When asked why he would need housing in Ithaca for the academic year after his expected graduation date, McQuinton responded, “I’m majoring in something literally called ‘hotel.’ There’s no way I’m getting out of here in 4 years.” 

Slope Day Commission Elects New Set Of Martyrs

WILLARD STRAIGHT HALL—Following the mass ostracization of last year’s Slope Day Programming Board, an entirely new set of victims, officially known as “members,” needed to be found. Fortunately, a group of students willing to impale themselves upon the unforgiving spear of dissatisfaction that is the student body have now been assembled. 

“I shall relish in the animosity of my peers,” said Board President Joseph Dwyer ‘24, whose other on-campus involvements include going to Okenshields right at peak rush hour and standing next to big puddles while cars drive through them. “The wrath of campus must be borne by a noble few, and I feel lucky to count myself among them. Though our mission is doomed before we even begin, it is virtuous that we choose to push forward regardless.” 

Despite the fact that the student body has definitively shown that the only thing it truly wants is to be unhappy, the Board continues to manufacture new surveys in order to discover the so-called “perfect headliner.” While such a performer has been written about at great length in scripture via Sidechat posts and angry Reddit threads, their true identity is impossible to determine. Whether this musical-messiah ever even existed, or can be found today, is a question that the Board chooses to ignore, remaining committed to their fruitless search.
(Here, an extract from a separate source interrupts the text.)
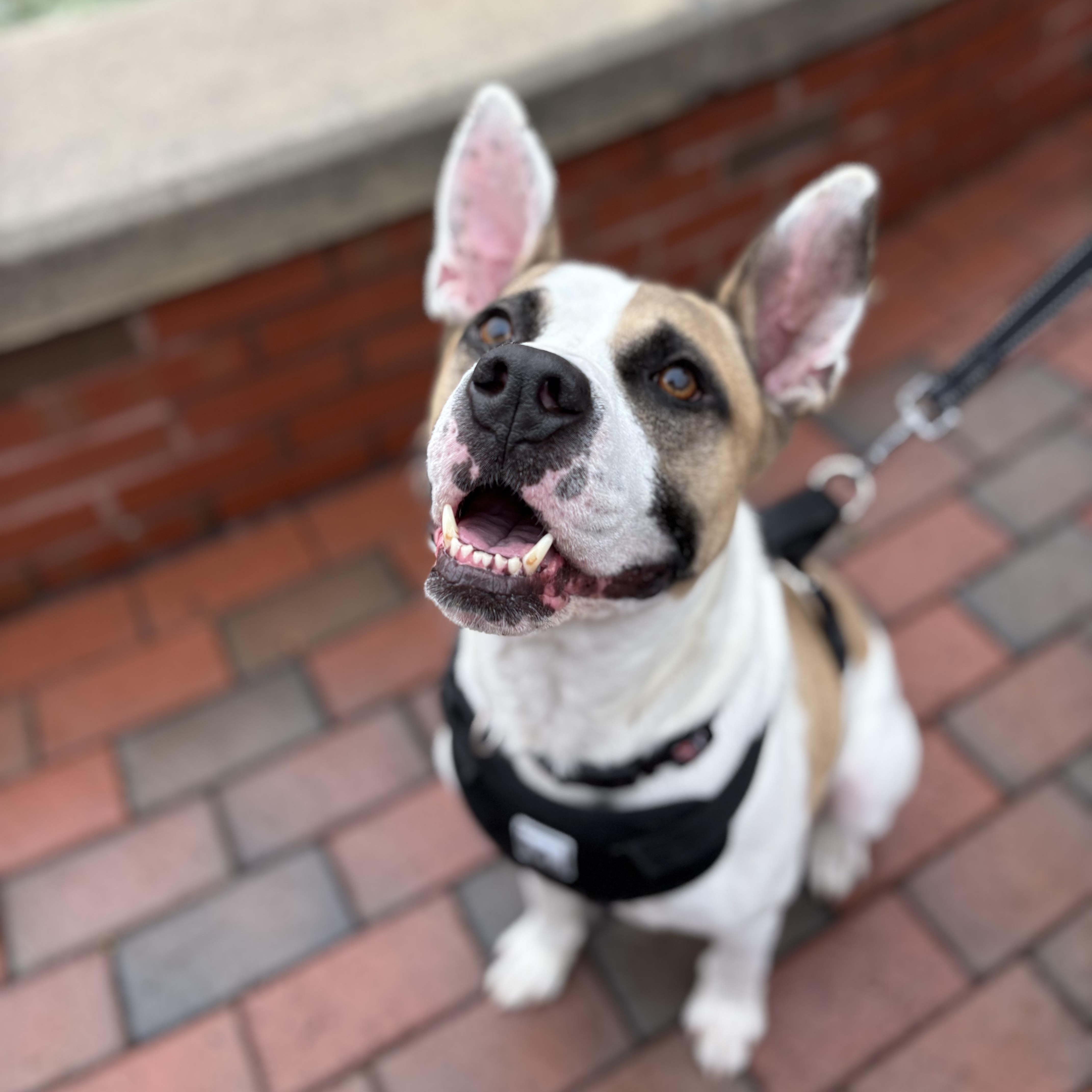 Guy, Adoptable, Adult Male Pit Bull Terrier.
“I would rather be lambasted for trying and failing than turn away from our quest,” explained Lyssa Ray ‘25, the Board’s Head of Artist Outreach. “The perfect headliner is out there and we will bring them to our campus. Everyone will be fully satisfied with the selection of artists, the food, and our decision making,” continued Ray, describing a situation that will never come to pass.

Even though this year’s Slope Day Board will undoubtedly be reviled by the student body come spring semester, they can hold onto the hope that if the artist they pick happens to become really famous at a later date, they will be held up as idols and used to defame that year’s Slope Day Board.  

Travesty! The Dining Hall Pasta is in The Horrible Shape

MORRISON HALL—After an arduous week of classes, the weary, hungry masses gathered in the one place that grants them respite, where the turbulence of life gives way to comforting predictability and dependable mediocrity: The Morrison Pasta Station. However, today, a cruel shock shattered this spaghetti sanctuary and the already-paper-thin wills of many students. 

“I have been having the worst day today and the only thing I thought I could depend on was the simple plate of pasta from Morrison,” said Marcus Bai ‘27. “You know, those wholesome seashell-shaped noodles that lovingly cradle the sauce as tenderly as a mother would her infant child? Instead, I get these spiteful little slippery spiral fucks, these nefarious corkscrews of pure hate. I burn in the fiery flames of this fusilli hellscape.”

While Morrison Dining Hall descended into puttanesca pandemonium, a handful of students and staff members exchanged knowing, solemn looks. Both parties acknowledged a shared understanding that this marinara misery is a necessary evil and a burden they must bear together. 

“I am fated to scoop at this fucked up little noodle,” explained Patrick Richards ‘26. “I am Hercules and this is my Hydra. Each time I attempt to stab it, another pathetic little fragment of pasta breaks away and where there was only one pitiful excuse for a noodle there are now two, and so on and so on, forever.”

Disappointed patrons left the dining hall dejected but dreaming of a better day, a brighter day, a day when the pasta is in the glorious shape.